Your database server will take a few minutes to launch.

While it’s launching you can check the access rules for the database server here.

  1. Select the Default security group.
  2. The source of the active inbound rule must be set to 0.0.0.0/0. It means you can connect from any source using IPv4.

A wrong inbound rule can cause you fail connecting to the database from this notebook.

Note: by setting the inbound rule to 0.0.0.0/0 we have opened up access to any IP address. If this were production code you wouldn’t do this, you would specify a range of addresses or the specific address of the compute server that needed to access the system. Because we’re using Google colab or another notebook client to access, and we can’t control the IP address of that access, for simplicity we’ve set it up so that any IP address can access the database, but that is not good practice for production systems.

Connecting to your Database Server

[edit]

Before you start, you’re going to need the username and password you set-up above for accessing the database server. You will need to make use of it when your client connects to the server. It’s good practice to never expose passwords in your code directly. So to protect your passowrd, we’re going to create a credentials.yaml file locally that will store your username and password so that the client can access the server without ever showing your password in the notebook. This file will also score the URL and port of your database. You can get these details from your database connectivity and security details.

import yaml
from ipywidgets import interact_manual, Text, Password

If you click Run Interact then the credentials you’ve selected will be saved in the yaml file.

Then, we can read the server credentials using:

with open("credentials.yaml") as file:
  credentials = yaml.safe_load(file)
username = credentials["username"]
password = credentials["password"]
url = credentials["url"]
port = credentials["port"]

SQL Commands

We have all the required data to interact with our database server. There are mainly two ways how we can do that. The first one is using magic SQL commands. For this option, we need to install pymysql and load the sql extension:

%pip install pymysql
%load_ext sql

We can now test our first database server connection using magic SQL. The first line establishes the connection and the second one list the databases. For now, you should see the databases that the engine has installed by default.

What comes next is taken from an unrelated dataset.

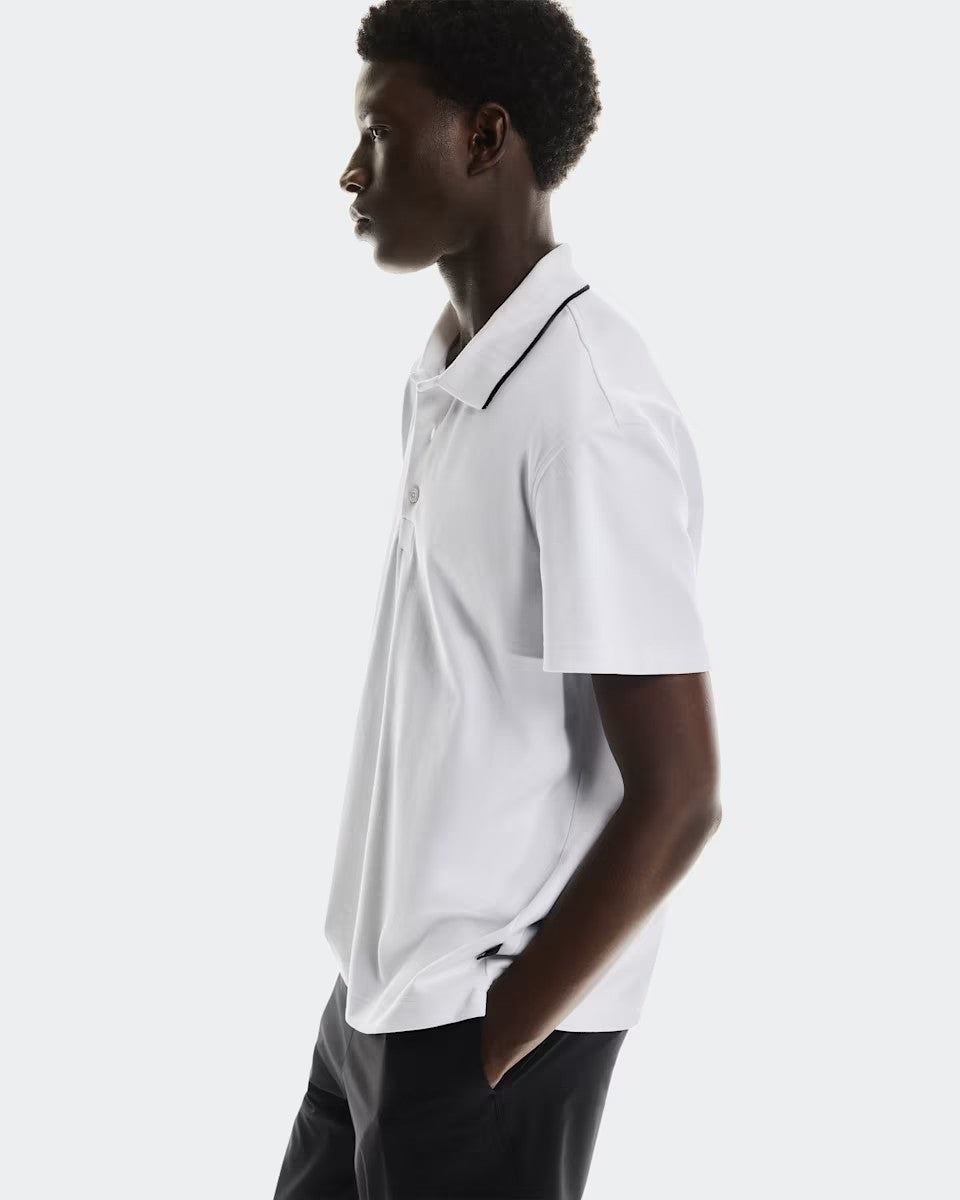 Camiseta Courtside On Polo -Branco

%sql mariadb+pymysql://$username:$password@$url?local_infile=1
%sql SHOW databases

This connection also enables the uploading of local files as part of the connection (i.e., local_infile=1). We will use this property later.

Database Schema

[edit]

As a first step after establishing a connection, we should create our own database in the server. We will use this relational database to store, structure, and access the different datasets we will manipulate during this course. We will use SQL code for this and once again magic commands:

%%sql
SET SQL_MODE = "NO_AUTO_VALUE_ON_ZERO";
SET time_zone = "+00:00";

CREATE DATABASE IF NOT EXISTS `ads_2024` DEFAULT CHARACTER SET utf8 COLLATE utf8_bin;
%sql SHOW databases

After the database is created in our server, we must tell it which database we will use. You will need to run this command after you create a new connection:

%%sql
USE `ads_2024`;

A database is composed of tables where data records are stored in rows. The attributes of each record are the columns. We must define an schema to create a table in a database. The schema tells the database and the server what to expect in the columns of the table (i.e., names and data types of the columns).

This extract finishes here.